Jokowi Siapa Tidak Mengenalnya

Perawakannya kurus. Gesturnya bersahaja. Kalau melihatnya sepintas mungkin banyak orang tak menduga bahwa dialah Walikota Solo yang memenangkan dukungan masyarakat hampir 100 persen, saat pemilukada di daerahnya. Waktu bertemu dengan sosok ini penulis pun hampir tak pernah tahu, kecuali setelah ia usai memberikan sambutan di Pendopo rumah jabatannya tahun 2009 silam.

Kepada tetamu yang sebagian besar komisioner penyiaran se-Indonesia, Jokowi atau Joko Widodo mengatakan, “Saya diberi waktu untuk memberi kata sambutan, tapi saya tidak akan berpidato. Boleh ya, saya bicara saja mengenai bagaimana pemerintah kota menangani taman kota yang berubah menjadi pemukiman kumuh di tengah kota.” Maka, bicaralah Jokowi dibantu slide tentang caranya secara humanis memindahkan ribuan kaki lima tanpa demo pedagang atau kekerasan aparat.

Tata cara itu dimulai dengan mengundang semua kaki lima makan siang, dan makan malam di rumah jabatan walikota.

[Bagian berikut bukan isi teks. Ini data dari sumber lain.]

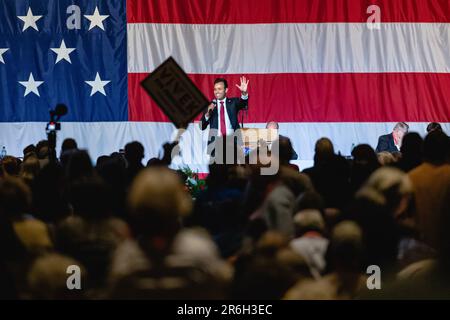 COLUMBUS, GA : Vivek Ramaswamy, candidat républicain à la présidence et homme d'affaires, se dirige vers le public lors de la Convention d'Etat du GOP au Centre de congrès et de commerce de Columbus à Columbus, Géorgie sur 8 juin 2023. (Photo de Jon Cherry pour le New York Times) GA GOP convention Credit: SIPA USA/Alay Live News Banque D'Images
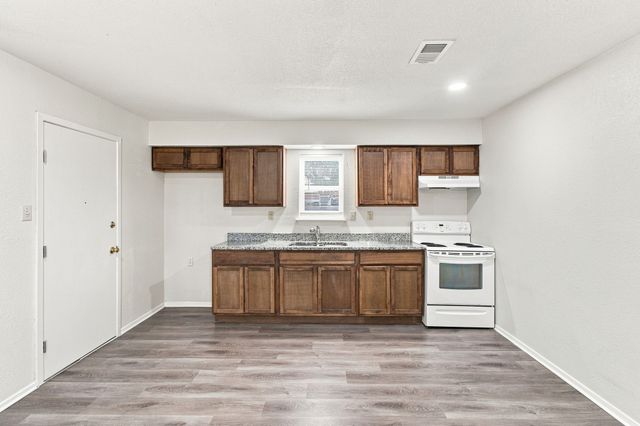 1819 Pelican W, Pelican Bay, TX 76020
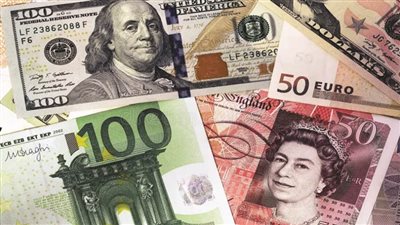 الجنيه الإسترليني يرتفع مقابل الدولار الأمريكي وينخفض مقابل اليورو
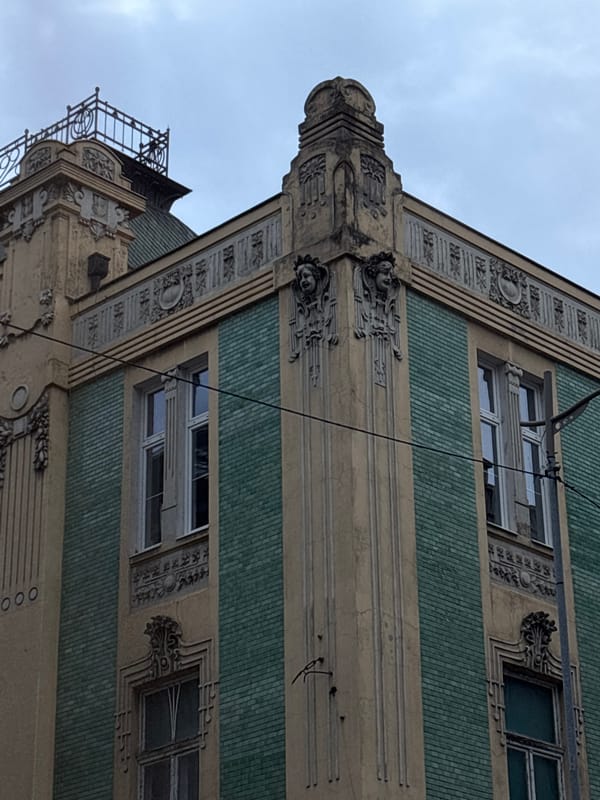 Historic Belgrade architecture documented by witnesses in afternoon walkabout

Undangan awal ini tidak dimanfaatkan Jokowi untuk meminta warga pergi dari area taman kota. Makan siang pun terus saja berlangsung berhari-hari di rumah jabatan. Para pedagang pun yang kemudian bertanya-tanya, mengapa setiap waktu mereka diundang makan gratis bersama di rumah orang nomor satu Solo itu. Kata Jokowi, ia hampir tidak sampai hati mengusir warganya dari kawasan yang telah berubah menjadi pusat transaksi apapun yang bisa dinegosiasikan.

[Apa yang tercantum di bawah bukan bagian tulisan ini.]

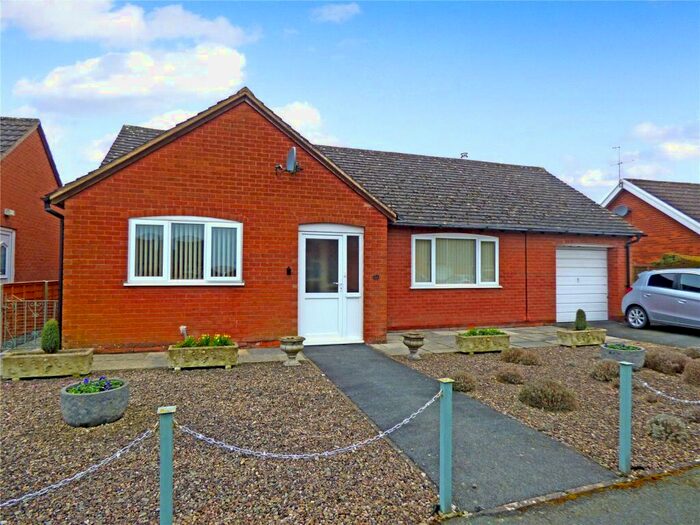 2 Bedroom Bungalow To Rent In The Meads, Kington, Herefordshire, HR5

Hingga suatu hari tibalah kesempatan itu. Jokowi berterus terang bahwa ia tidak memiliki kesanggupan untuk meminta mereka pindah, padahal ia punya satuan polisi pamong praja, juga aparat keamanan. Tapi bila kaki lima bersedia direlokasi, Walikota akan memberi fasilitas, angkutan gratis, dan bantuan kredit. Pendekatan tulus itulah yang menggugah kaki lima, hingga mereka rela pindah secara beramai-ramai, secara damai. Peristiwa itu diliput media secara luas sebagai contoh penggusuran tanpa penolakan sedikit pun, tanpa bunyi pentungan sekali pun. Pada hari-hari berikutnya, Solo menjadi contoh bagaimana. mengelola lapak-lapak kaki lima, bagaimana menerapkan kesantunan dalam model penertiban. Bagaimana seorang Jokowi tampil sebagai sosok yang sangat sederhana.

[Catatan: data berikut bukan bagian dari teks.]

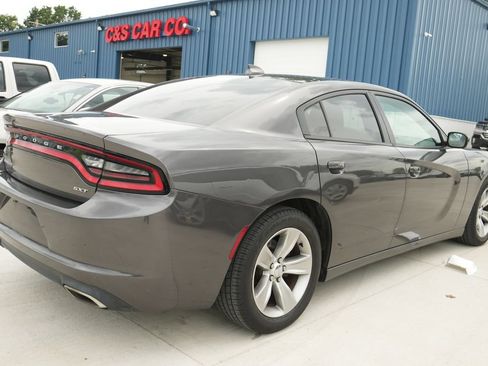 Used 2016 Dodge Charger SXT RWD image 6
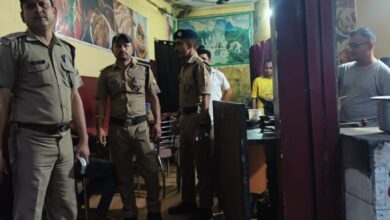 Uttarakhand: होटल व ढाबों में अवैध रुप से शराब परोसने पर 10 लोगों के चालान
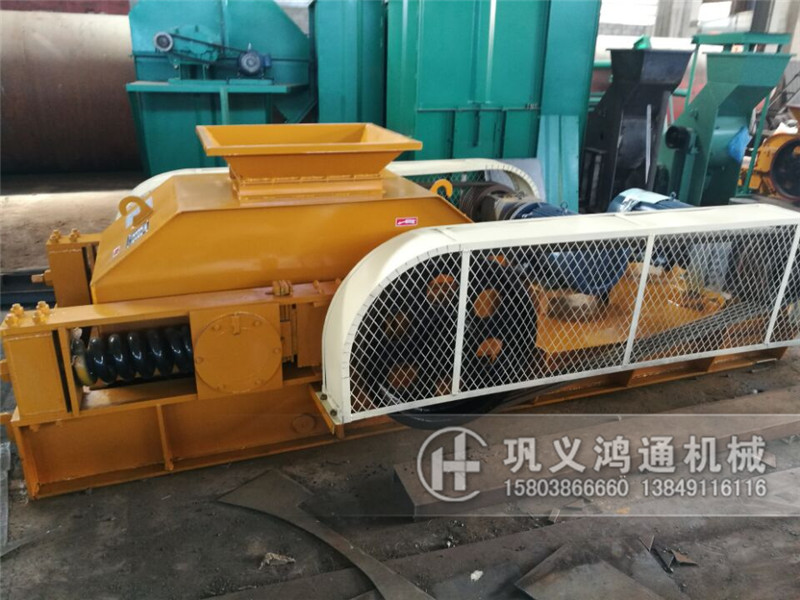 800×600对辊破碎机发往安徽合肥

Bila Jokowi mampu merontokkan hegemoni petahana Gubernur Jakarta, Foke, di putaran kedua Pemilukada 2012 mungkin itu bagian dari berkah untuk megapolitan Jakarta. Jika Foke atau kandidat lain menggelar kampanye dengan distribusi massa yang memacetkan Jakarta, lihatlah strategi Jokowi yang merangsek ke kampung-kampung kumuh Jakarta. Bersenda gurau dengan anak-anak, naik ojek, jalan kaki, atau tak makan hingga petang.

Ahok pasangan Jokowi kepada wartawan menyebutkan, satu-satunya hal yang tidak sanggup dilakukannya bersama calon gubernur Jakarta itu adalah keluar dari rumah sejak pagi, dan tidak makan sampai jam 5 sore. Siapa diantara pemimpin kita yang terbiasa dengan tipikal Jokowi ini?

Kini ia menjadi sosok fenomenal. Selain karena figurnya, adagium soal uang tanpa batas bisa mempengaruhi pendulum pemilukada, ternyata masih bisa dilunturkan kepercayaan dan kesadaran masyarakat saat memilih pemimpin. Ini sekaligus menjadi modal sosial bagi siapapun yang hendak menjadi bupati atau gubernur tanpa berhala politik uang.

Tak bisa penulis bayangkan akan bagaimana (lagi) kurusnya Jokowi mengurus ibukota republik ini. Tapi ia bertangan dingin, dan berjanji akan lebih mengutamakan kaum marjinal. Pendapatan asli daerah Jakarta tahun 2011 yang mencapai kisaran Rp30 Triliun apakah akan memberinya kelonggaran untuk menata panorama berkumis (berantakan; kumuh; miskin) Jakarta? Kita lihat saja nanti.

Siapa tidak mengenal sosok ini? Disela kepercayaan atas validasi hasil survei yang berbalik memenangkannya. Selain menjadi pelajaran berharga bagi partai-partai politik, ini juga semacam oase bagi sedikit orang yang ingin mempertaruhkan ketinggian budi pekerti dalam belukar politik. Nasionalisme, primordialisme, dan apapun namanya tampaknya sedang mengapung, sebab rakyat tetap saklik mencari pemimpin yang jujur dan bersih. (*)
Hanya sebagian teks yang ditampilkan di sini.